## Problem:
Repeat only what appears from the line containing "518 CALVIN LN, Rockville, MD 20851" through the last line of the listing below, exactly as written.

┌────────

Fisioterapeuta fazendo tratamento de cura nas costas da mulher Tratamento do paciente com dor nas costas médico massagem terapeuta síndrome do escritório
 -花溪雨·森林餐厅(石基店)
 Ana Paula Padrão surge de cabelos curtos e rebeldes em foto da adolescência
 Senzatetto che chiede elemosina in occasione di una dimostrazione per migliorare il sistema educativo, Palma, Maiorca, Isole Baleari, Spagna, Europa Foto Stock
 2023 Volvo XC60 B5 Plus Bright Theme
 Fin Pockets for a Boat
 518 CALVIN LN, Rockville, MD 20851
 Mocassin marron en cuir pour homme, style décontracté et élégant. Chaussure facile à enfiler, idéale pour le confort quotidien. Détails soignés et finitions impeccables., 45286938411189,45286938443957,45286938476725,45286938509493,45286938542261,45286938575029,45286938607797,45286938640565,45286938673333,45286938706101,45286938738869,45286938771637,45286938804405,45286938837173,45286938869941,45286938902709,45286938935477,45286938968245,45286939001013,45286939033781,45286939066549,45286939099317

└────────

## Output:
 518 CALVIN LN, Rockville, MD 20851
 Mocassin marron en cuir pour homme, style décontracté et élégant. Chaussure facile à enfiler, idéale pour le confort quotidien. Détails soignés et finitions impeccables., 45286938411189,45286938443957,45286938476725,45286938509493,45286938542261,45286938575029,45286938607797,45286938640565,45286938673333,45286938706101,45286938738869,45286938771637,45286938804405,45286938837173,45286938869941,45286938902709,45286938935477,45286938968245,45286939001013,45286939033781,45286939066549,45286939099317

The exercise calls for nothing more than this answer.